Judas Coyne is a collector of the macabre: a cookbook for cannibals... a used hangman's noose... a snuff film. An aging death-metal rock god, his taste for the unnatural is as widely known to his legions of fans as the notorious excesses of his youth. But nothing he possesses is as unlikely or as dreadful as his latest discovery, an item for sale on the Internet, a thing so terribly strange, Jude can't help but reach for his wallet.
I will "sell" my stepfather's ghost to the highest bidder...
For a thousand dollars, Jude will become the proud owner of a dead man's suit, said to be haunted by a restless spirit. He isn't afraid. He has spent a lifetime coping with ghosts – of an abusive father, of the lovers he callously abandoned, of the bandmates he betrayed. What's one more?

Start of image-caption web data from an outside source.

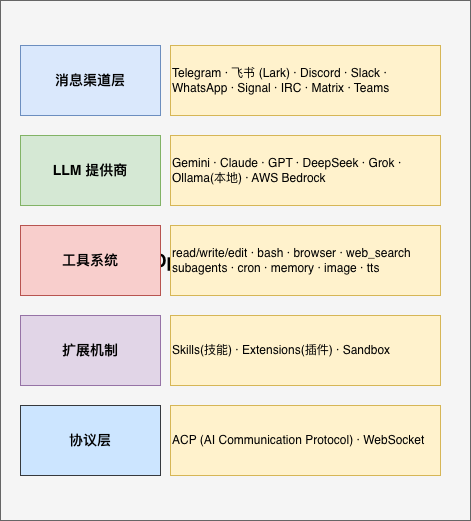 OpenClaw 能力全景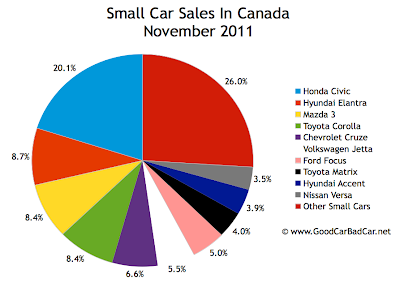Canada small car sales chart November 2011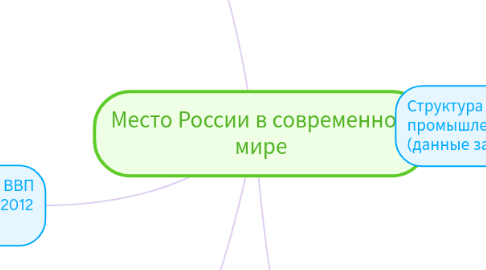 Mind Map: Место России в современном мире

But what UPS delivers to his door in a black heart-shaped box is no imaginary or metaphorical ghost, no benign conversation piece. It's the real thing.
And suddenly the suit's previous owner is everywhere: behind the bedroom door... seated in Jude's restored vintage Mustang... standing outside his window... staring out from his widescreen TV. Waiting – with a gleaming razor blade on a chain dangling from one bony hand...

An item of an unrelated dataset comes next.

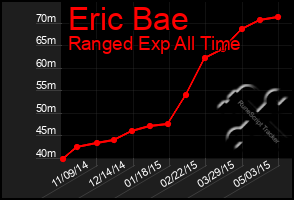 Total Graph of Eric Bae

A multiple-award winner for his short fiction, author Joe Hill immediately vaults into the top echelon of dark fantasists with a blood-chilling roller-coaster ride of a novel, a masterwork brimming with relentless thrills and acid terror.
Joe Hill
Joseph Hillstrom King (born 1972), better known by the pen name Joe Hill, is an American author and comic book writer. Hill is the second child of authors Stephen and Tabitha King. He grew up in Bangor, Maine. His younger brother Owen is also a writer. Hill has three sons.
Hill chose to use an abbreviated form of his given name (a reference to executed labor leader Joe Hill, for whom he was named) in 1997, out of a desire to succeed based solely on his own merits rather than as the son of Stephen King. After achieving a degree of independent success, Hill publicly confirmed his identity in 2007 after an article the previous year in Variety broke his cover (although online speculation about Hill's family background had been appearing since 2005).